Comparative Study of Melanoma Disease Classification using Deep Learning

Publications

Comparative Study of Melanoma Disease Classification using Deep Learning

Year : 2024

Publisher : Institute of Electrical and Electronics Engineers Inc.

Source Title : Proceedings - 2024 OITS International Conference on Information Technology, OCIT 2024

Document Type :

Abstract

Melanoma is one of the deadliest and fastest-growing diseases on the globe, taking many lives every year. The early identification of melanoma through dermoscopy images can notably enhance the chances of survival. However, due to factors including the absence of contrast between the lesions and the skin and the visual similarity between melanoma and nonmalignant lesions, reliable melanoma differentiation is extremely difficult. Therefore, the accuracy and productivity of pathologists can be significantly increased by implementing a trustworthy automated method for the detection of skin tumours.
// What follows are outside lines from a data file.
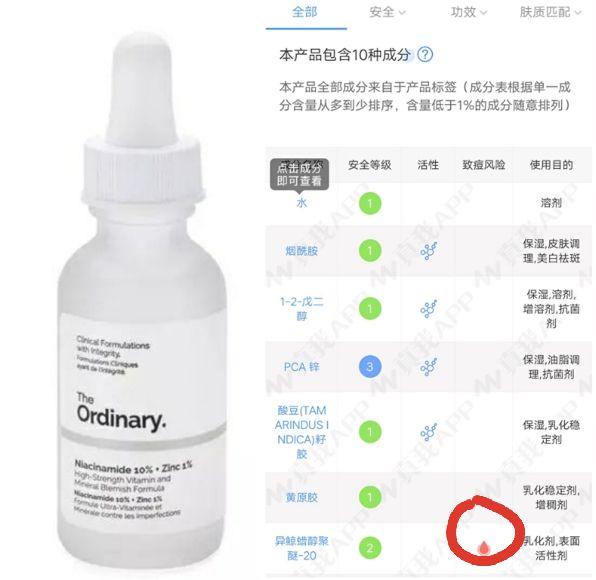 白醋洗脸可以美颜,女生用白醋洗脸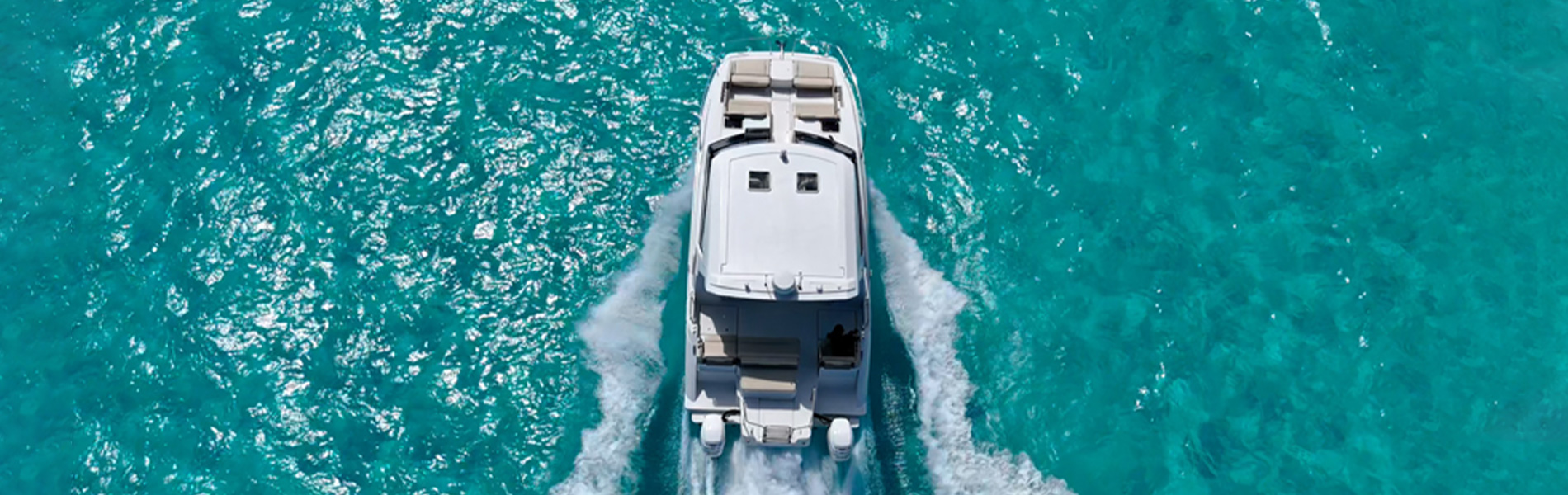 Aquila-36-Sport-(2019)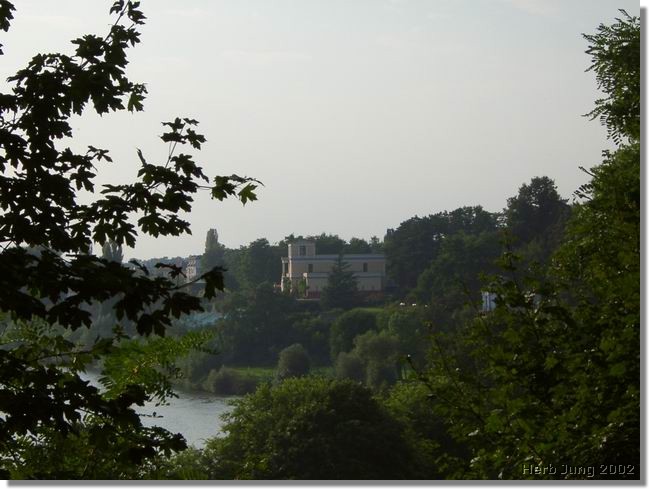 PICT0008.JPG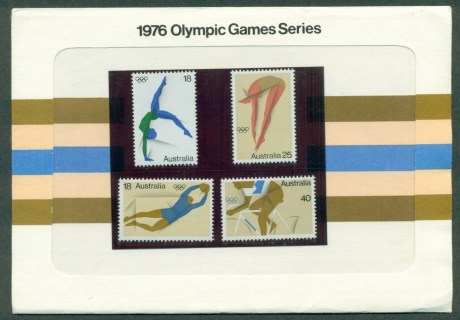 Australia-1976-Olympics-POP-Lot27841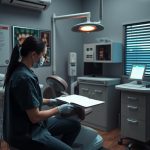 Total Relief Emergency Dental Care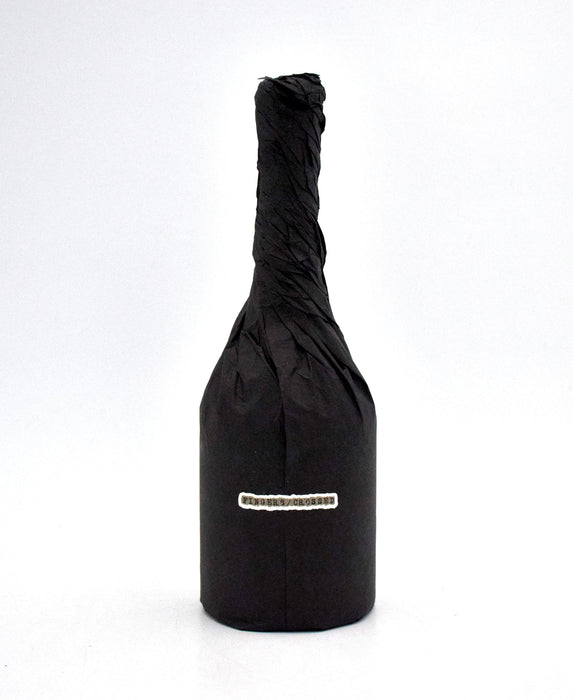 2021 Faethm Fingers Crossed Box Set Assortment (Assortment Case of 6 Bottles )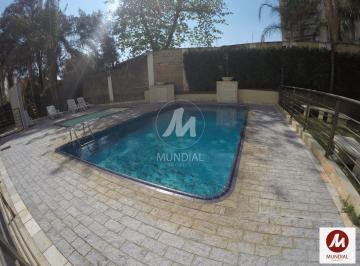 Piscina(s) · Apartamento (tipo - padrao) 3 dormitórios/suite, cozinha planejada, portaria 24 horas, elevador, em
This study introduces a method that employs deep learning models for cancer detection. Furthermore, we evaluate and analyze the following six deep learning approaches: Inception-ResNetV2, CNN, VGG16, EfficientNet, Densenet201, and MobileNetV2. Two different datasets, ISIC and MNIST, were used to evaluate the suggested deep learning frameworks. The experimental results demonstrate the promising accuracy of our frameworks. This survey highlights significant datasets, benchmark challenges, and evaluation metrics related to skin lesion analysis, offering a thorough overview of the field.